Globaler Anleihe-Ausverkauf bedroht den KI-getriebenen Bullenmarkt

Ein heftiger Ausverkauf am globalen Anleihemarkt setzt den seit Jahren laufenden Aktienbullenmarkt unter Druck. Die Rendite zehnjähriger US-Staatsanleihen nähert sich gefährlich der psychologisch wichtigen Marke von 5%. Mehrere Wall-Street-Quellen haben gegenüber MarketWatch gewarnt, dass dies die bislang größte Herausforderung für den laufenden Bullenmarkt darstellen könnte.

Als treibende Kraft hinter dem Anleihe-Ausverkauf gelten hohe Energiepreise, die durch die anhaltende Sperrung der Straße von Hormus ausgelöst wurden. Diese geopolitische Entwicklung hat die Inflationssorgen an den Märkten neu entfacht. Steigende Inflation bedeutet in der Regel, dass Zentralbanken weniger Spielraum für Zinssenkungen haben – ein Szenario, das Aktieninvestoren besonders beunruhigt.

Ein Bullenmarkt mit Bewährungsproben

Der aktuelle, maßgeblich von künstlicher Intelligenz angetriebene Bullenmarkt feierte bereits im Oktober sein dreijähriges Bestehen.
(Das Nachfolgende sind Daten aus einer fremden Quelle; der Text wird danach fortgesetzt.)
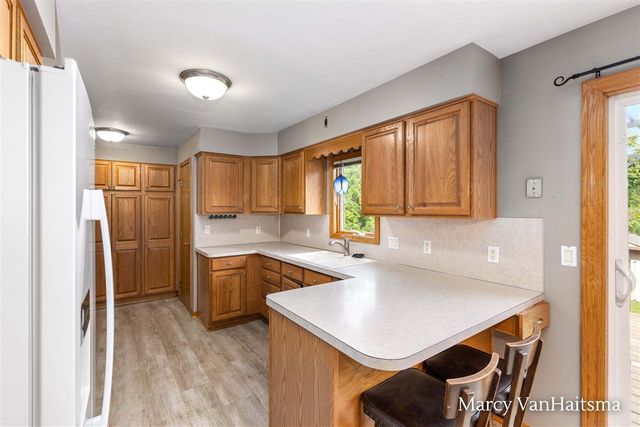 1151 Brownell Street, Grand Rapids, MI 49508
In dieser Zeit hat er bereits eine Reihe potenziell existenzieller Krisen überstanden. Dazu zählte unter anderem der Kollaps der Silicon Valley Bank im Jahr 2023, der kurzzeitig für erhebliche Turbulenzen im Bankensektor sorgte.

Auch die Turbulenzen rund um Zölle im vergangenen Jahr überstand der Bullenmarkt ohne nachhaltige Schäden. Jedes Mal erholten sich die Aktienmärkte und setzten ihren Aufwärtstrend fort. Doch der aktuelle Druck vom Anleihemarkt wird von Marktbeobachtern als qualitativ anders und potenziell gefährlicher eingestuft.
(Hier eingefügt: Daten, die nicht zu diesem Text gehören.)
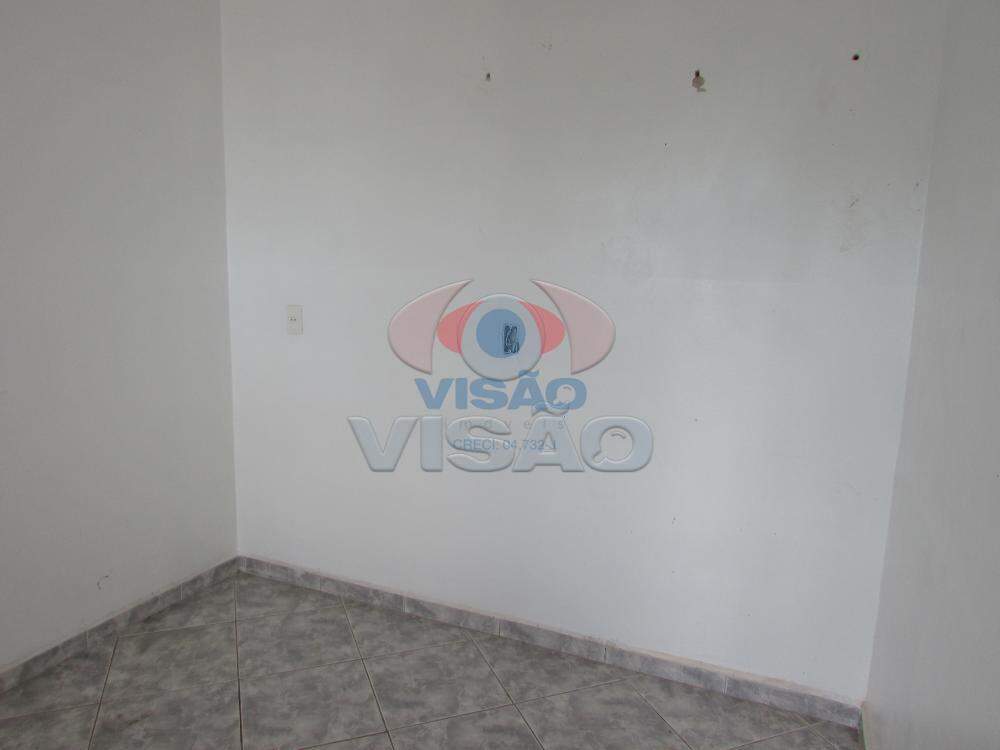 Casa - Sobrado à venda no Jardim Pedroso: Cozinha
Warum die 5%-Marke so entscheidend ist

Die Rendite zehnjähriger US-Staatsanleihen gilt als globaler Referenzzinssatz und beeinflusst die Bewertung nahezu aller Anlageklassen weltweit. Nähert sich diese Rendite der Marke von 5%, steigt die Attraktivität von Anleihen gegenüber Aktien erheblich. Investoren könnten dann versucht sein, Kapital aus dem Aktienmarkt abzuziehen und in als sicher geltende Staatsanleihen umzuschichten.

Für deutsche Privatanleger ist diese Entwicklung besonders relevant, da steigende US-Renditen auch den europäischen Anleihemarkt unter Druck setzen und die Finanzierungskosten für Unternehmen weltweit erhöhen. Ein schwächerer Aktienmarkt in den USA würde erfahrungsgemäß auch europäische und deutsche Börsen belasten.
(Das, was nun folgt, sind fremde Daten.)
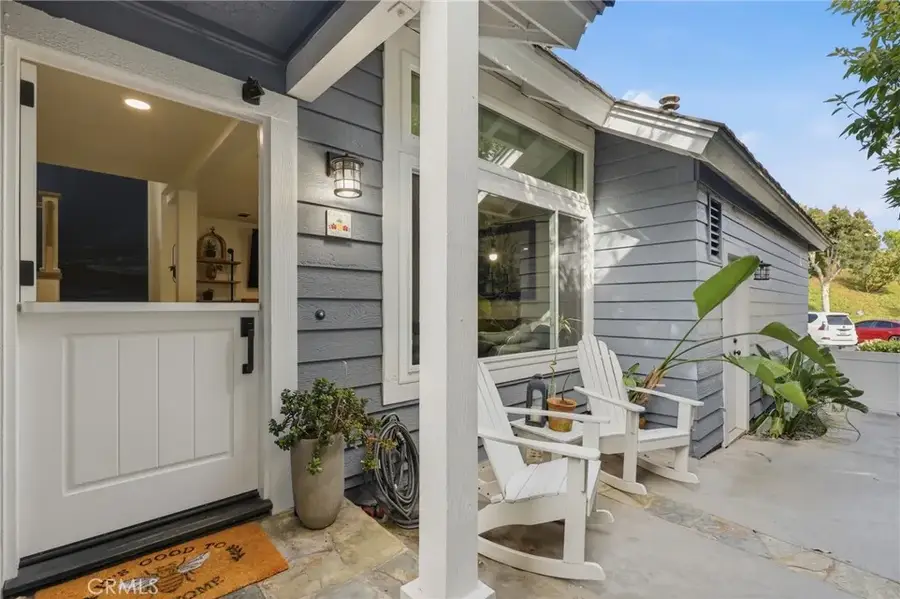 9 Pawtucket Lane, Laguna Niguel, CA 92677 - #2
Die Kombination aus geopolitischen Risiken, Energiepreisdruck und steigenden Anleiherenditen schafft ein schwieriges Umfeld für Aktieninvestoren. Ob der Bullenmarkt auch diese Bewährungsprobe meistert, bleibt nach Einschätzung der Wall-Street-Quellen offen. Die kommenden Wochen dürften zeigen, ob die Widerstandsfähigkeit der vergangenen drei Jahre anhält.